Wayne O’Bryan has served as a lawyer for a lot of motorcycle wrecks and he has seen some bad ones. One client was riding his bike through a tunnel when a tractor-trailer moved into his lane and caused a horrible accident. We got a fair settlement for that poor man who was injured through somebody else’s fault.

Riding a motorcycle can be a lot of fun, but it can also be dangerous. Motorcycles represent 2.5% of all registered vehicles but 11.3% of traffic deaths. In 2006, motorcycles accounted for over 4,800 fatalities and 88,000 injuries in the United States. In Virginia, there were 2,601 motorcycle crashes that resulted in 126 motorcycle operator deaths and 2,284 occupant injuries in 2007.

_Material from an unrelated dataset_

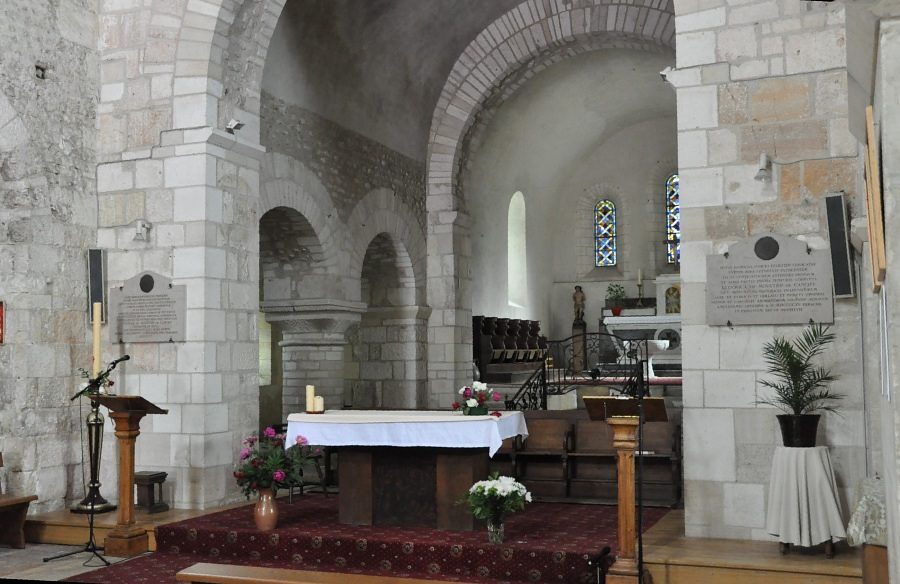 Le transept de la basilique Saint–Savinien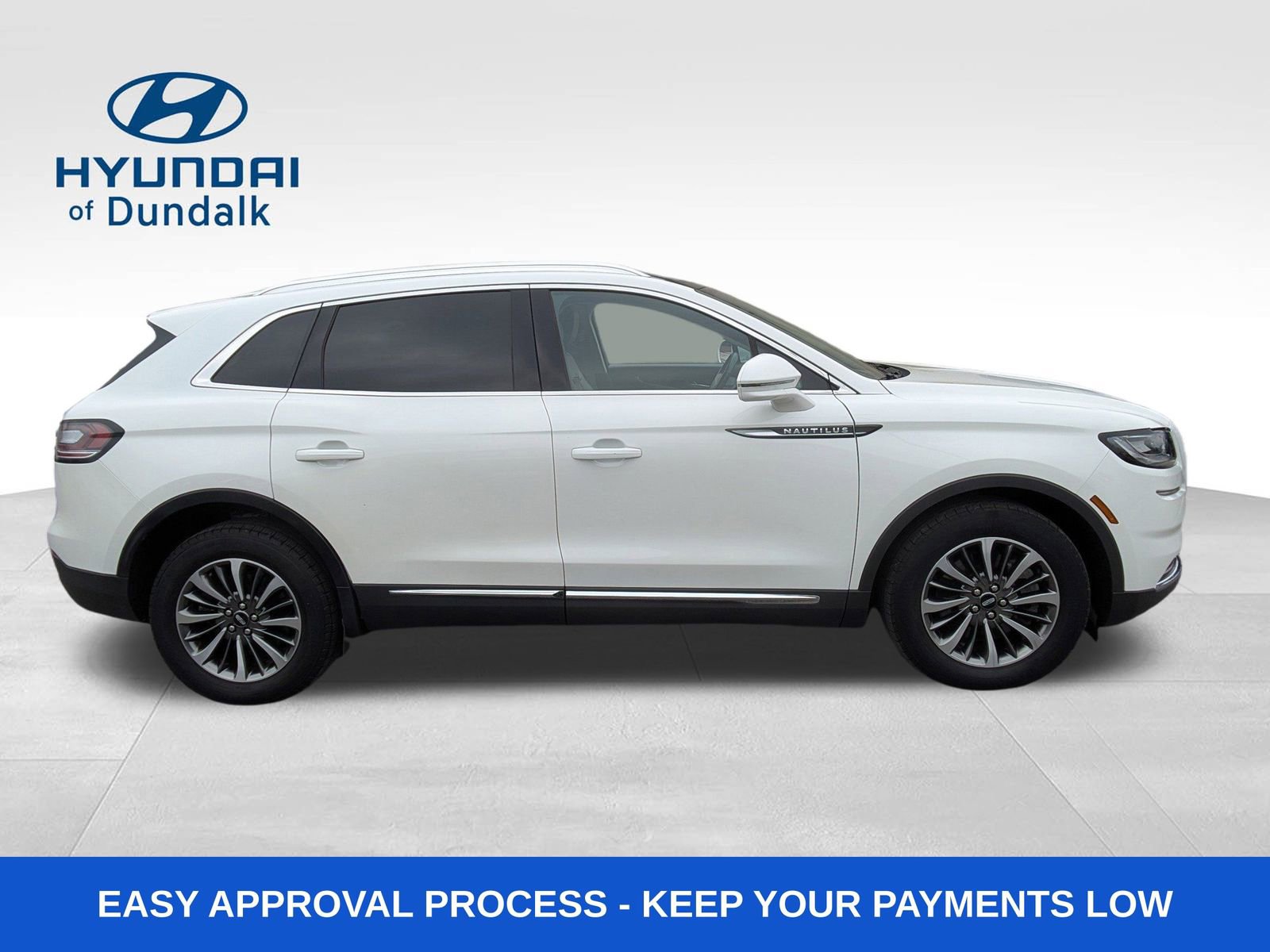 Used 2022 Lincoln Nautilus Reserve image 10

Follow these safety tips in order to have a safe ride.

  • Wear bright and/or reflective clothing to maximize your visibility at night.

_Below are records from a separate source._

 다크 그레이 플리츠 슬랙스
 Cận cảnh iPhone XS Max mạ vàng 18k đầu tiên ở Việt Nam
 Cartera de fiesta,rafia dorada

  • Wear a DOT, ANSI, OR Snell-approved helmet that is designed with a hard outer shell and a retention system to protect the head and the brain in a variety of impacts. In 2006, 41% of those killed in crashes were not wearing a helmet.
  • If your helmet is not equipped with a face shield, wear goggles or glasses with plastic lenses to protect your eyes against insects, wind, dirt, rocks, or other airborne matter.

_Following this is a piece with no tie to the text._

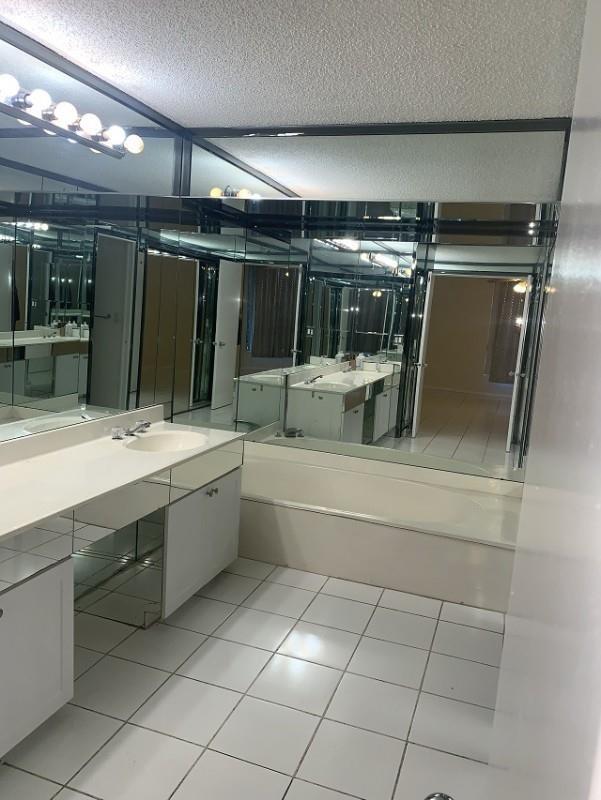 Photo of 3600 Mystic Pointe #314, Aventura, Florida, 33180 - Photo 4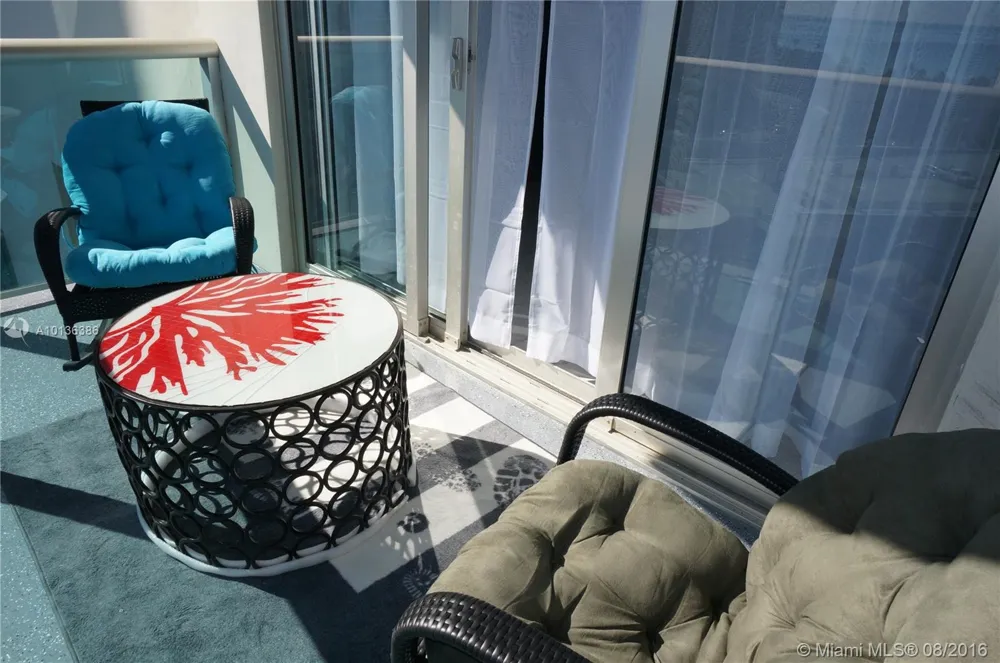 19370 COLLINS AV SEASONAL #1417 Sunny Isles Beach, FL 33160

  • Wear elbow pads, kneepads and slip-resistant shoes and avoid wearing sandals, flip-flops or shoes with laces.
  • Wear durable, non-slip gloves that provide firm grips on the controls along with long pants and a long-sleeved shirt or jacket.
  • Ride with the flow of traffic and pass vehicles with extreme care.
  • Reduce your speed when riding over bumpy roads.
  • Obey the speed limits and never travel faster than your skill level or than the conditions allow.
  • Learn how to use both front and rear brakes and to properly downshift through the gears as you slow down or stop.
  • Keep your headlights on both day and night.
  • Check your mirrors and blind spots frequently.
  • Use caution when riding in bus traffic and watch out for buses pulling to and from curbs and passengers getting on and off buses.
  • Know how to use hand signals and signal well before you make a turn or lane change.
  • Use extra caution at intersections, parking lot entrances and exits, and driveways.
  • Avoid hitting road hazards, such as sharp bumps and holes in the road surface. These hazards can cause loss of control or damage.
  • Be especially conscious of traffic from behind.
  • Check with your DMV to find out where local safety classes are being held.
  • Get licensed. In Virginia, you must hold a valid class M endorsement on your driver license.
  • Register your motorcycle. In Virginia, you must have a VA title, registration card, and license plate.
  • Do not block sidewalks, handicap and building accesses, or emergency drives when parking your motorcycle.

You should follow all of these general tips, but keep in mind that this checklist is not completely exhaustive and you should check with your state DMV for state specific rules.